最近、青竹に水羊羹が流し込んであって、笹の葉でふたがしてあるものを売る店が増えてきました。 私が最初に求めたのは先斗町駿河屋の「竹露(ちくろ)」でした。青竹の底に穴を開けるキリがついていて、それで小さな穴を開け、笹の葉を取って吸うとするすると口へ入ります。上品に食べようとして底に開けた穴をそっと吹いて、銘々皿なり、懐紙の上へするっと出し、黒文字で頂こうとしてもその吹き方が少しでも強いと水羊羹はお皿の向こうへ飛んで出てしまいます。人前では少々技を要する水羊羹です。そんなわけで、お遣いものには竹筒入りの水羊羹はおしゃれですが、家ではもっぱら甘泉堂の水羊羹です。

ところで、冬に食する水羊羹をご存じでしょうか。田丸弥という胡麻あえをおせんべいにした「白川路」で有名なお店が、冷え込む日のみ作っている「京の冬」という水羊羹があります。
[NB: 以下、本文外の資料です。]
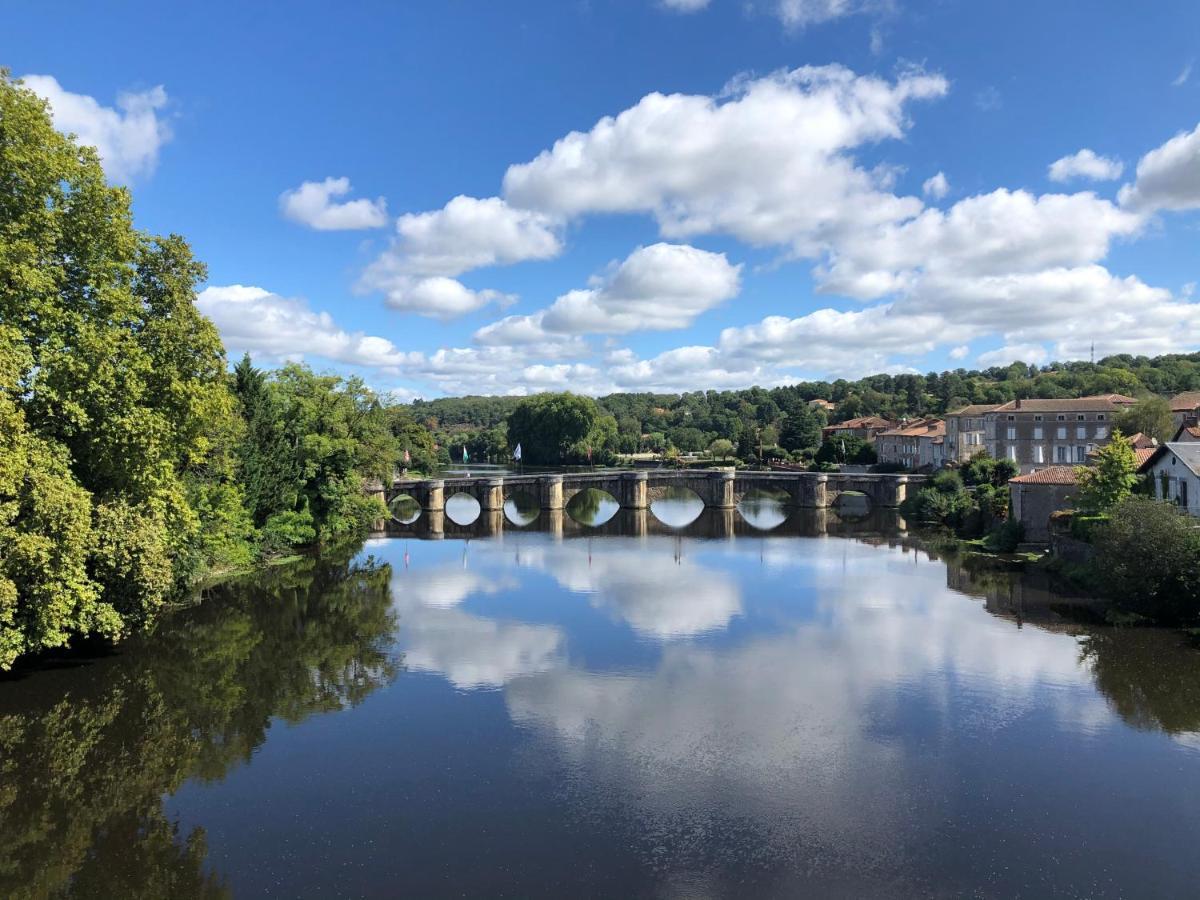 Gite Des Lavandes Oradour-Fanais Buitenkant foto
あいにく、私はまだ味わったことがなく、先の大村しげさんの文章で知りました。1月の寒の頃、あしたの朝はきっと冷え込みが厳しいだろうと思った時、夜から小豆を炊き始め、その小豆の汁に寒天を混ぜて、ぐつぐつと煮えた熱いもんを塗りの薄い箱へ流し込み、明け方の冷気でそれを固める。そして、越前塗りの船のまま、大村さんの家に届くのだそうです。今も届けられているお宅はあるのでしょうか。
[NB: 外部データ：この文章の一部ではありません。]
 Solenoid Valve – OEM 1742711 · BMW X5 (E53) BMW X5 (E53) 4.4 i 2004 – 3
また、福井にも冬に水羊羹があります。何年か前、家族が福井へ行った折、「冬なのに水羊羹を売っていた」と買って来てくれました。不思議な感じでしたがへらで切り分け、賞味しました。

今回、福井出身の親友に問い合わせましたら、「黒砂糖とこし餡と寒天で作った水っぽい羊羹を浅い紙箱から切り分けて、こたつに入って食べるのが、福井の風物詩です。江川の水羊かんが一番有名だと思います」とのこと。まさに、以前私たちが口にしたのがここのでした。

さて、甘泉堂の水羊羹に戻ります。京都で暮らし初めて最初の初夏にこれに出会った時の衝撃は忘れられません。口の中で溶けてしまいそうな、この瑞々しさが水羊羹なのかと一人納得してしまいました。それ以来、私にとって京都の夏になくてはならないものになりました。京都の和菓子の中で一つだけ選ぶとしたら、この甘泉堂の水羊羹以外考えられません。
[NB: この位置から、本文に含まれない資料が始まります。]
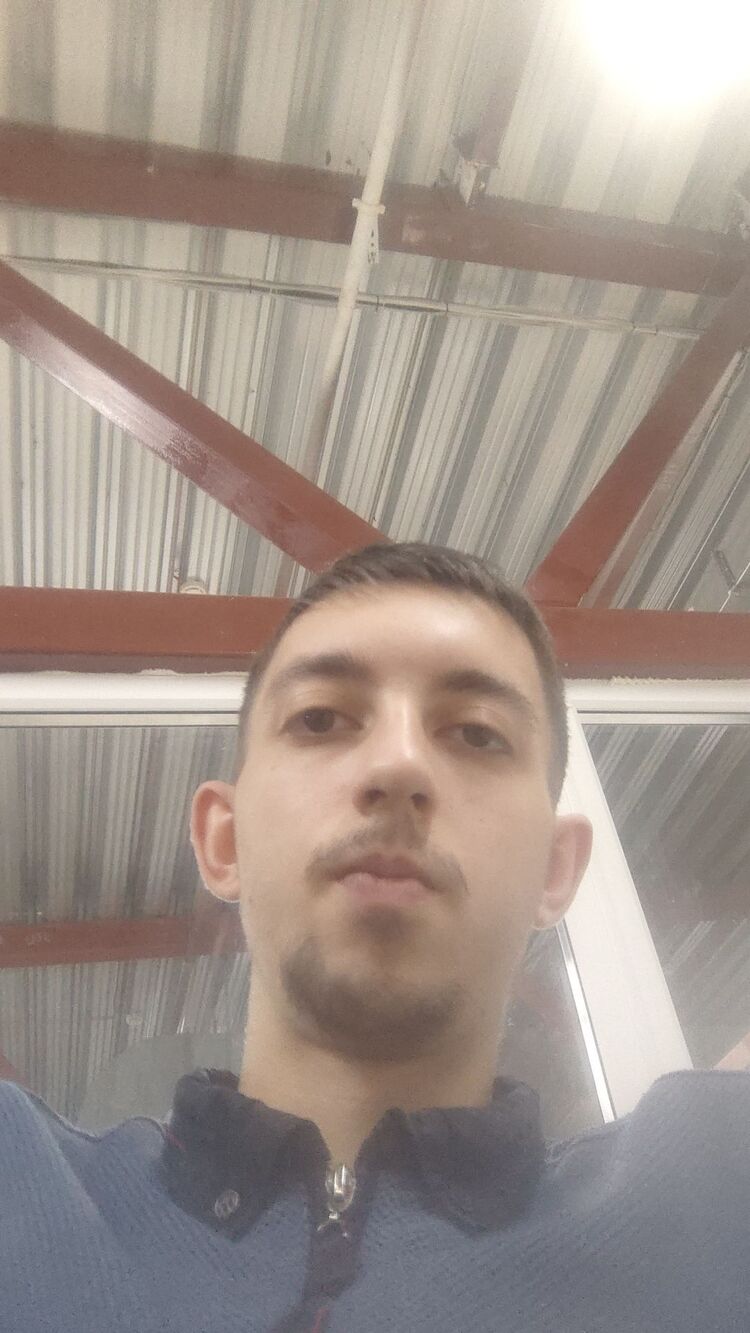  31995768  , 24 ,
お店は祇園四条通の花見小路より1本東の路地を北に入ったところにあります。路地に面して、ショーケースの手前のガラス戸を開けてやりとりすることもできますが、私は左の玄関から入り、最近はそこにある御座布団に座って、奥様とおしゃべりをします。先月17日、祇園祭の神輿が出発する前も少し時間がありましたので、「第4回 祇園祭」で取り上げた宮本組のことや、祭のご奉賛(寄付)のことなどを伺いました。

以前はゴールデンウィークから9月末までの販売でしたが、最近はお客さんの要望で4月1日から売っています。私は静岡の新茶が届く頃から、お店に足が向いてしまいます。